What’s In A Name?
When it comes to getting your site to rank well in the search engines and getting lots of traffic that actually convert it’s often a war between SEO and user experience. One wants the site written exclusively for Google and the other wants it to make perfect sense to keep your traffic engaged enough to make a conversion.
One area they do both agree on is the title. The title needs to be perfect; it needs to articulately describe the content to the user and the search engine whilst enticing the user to click through to view more. It’s not easy so just how do you do it?
Drop Those Stop Words
It doesn’t matter if you’re writing exclusively for your traffic; you’re going to have a limit on how many characters can be displayed. If you’re writing a meta title then you need to cap it around the 65 character limit and if you’re writing a blog post you’re still going to have a limit on how much content can be displayed. This means you need to seriously cut any stop words, they’re needed for structure and to make sense but for the most part they’re useless.
Things like and, how, what, the are often needed to make sense of a title but the brain will usually add these in whether they’re there or not. Look at a headline on a tabloid paper; although these are meant to be grammatically incorrect they very rarely contain any stop words.
Cap The First Letter Of Each Word
Although this is grammatically incorrect it’s recommended you capitalise the first letter of each word in a title, this helps it stand out and it engages the user.
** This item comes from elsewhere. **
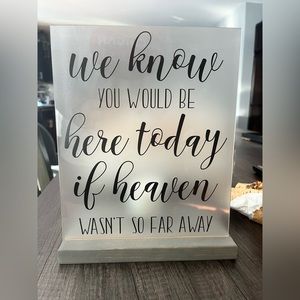 Memorial candle holder.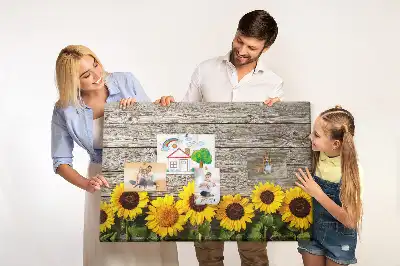 Printed Sunflower Cork Board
When you type in a phrase into the search engines you’ll notice the vast majority of website results returned will always have the first letter of each word capped in the meta title and a good way to get your descriptions to subtly stand out is to cap the first letter of each word in your call to action.
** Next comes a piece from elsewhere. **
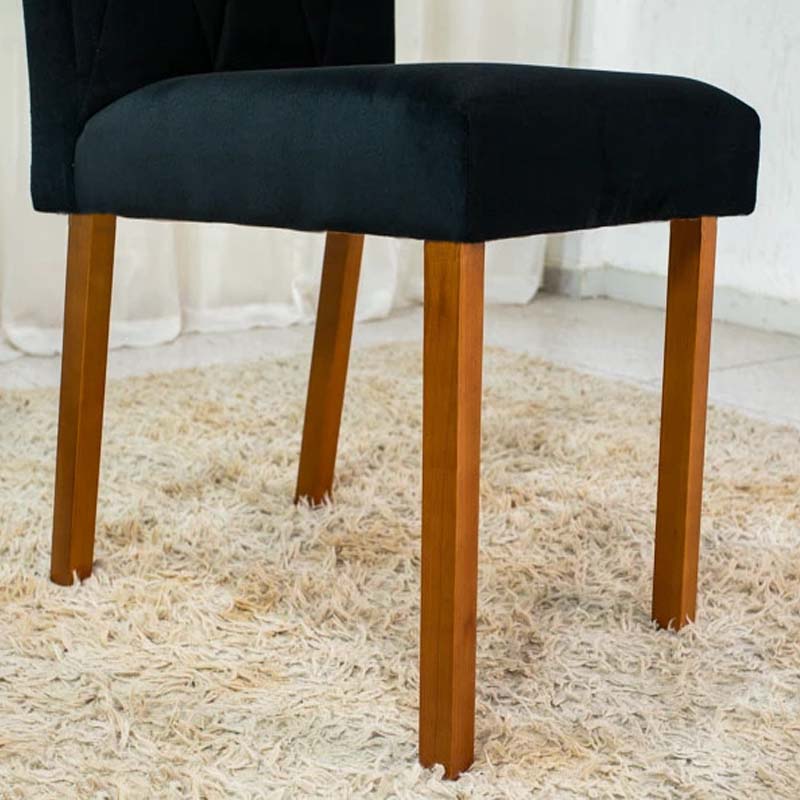 2 Cadeiras Lisboa Preto 504 Madeira Maciça Art Assento - Imagem 4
At the end of the day you can use all the psychology you like when it comes to getting attention but you need to have a certain degree of intelligence. Your titles need to be punchy and they need to be cleaver, they need to make people read it twice and actually take it in both times. This isn’t something everyone can do and there’s nothing wrong with that. If you know you’re not great at writing titles than do a quick Google to get inspiration or ask the person sat next to you if you’re at work. People feel that little bit proud when they make the association between your title and a famous quote or pop culture reference. Alliteration also works very well, starting each word with the same letter.
Keep It Quick And Simple
Your content might be longer than a copy of War and Peace but no one is even going to click through if they know this. Most people using the web to look for content want something concise and to the point so your title needs to highlight this. A quick guide to something or some top tips are great titles, if your content is then broken down further you need to make sure the heading continue to reassure the reader it won’t take long to read. They can see the content that’s there and they probably know how long it’s going to take to read but breaking it down makes it’s easier to assimilate.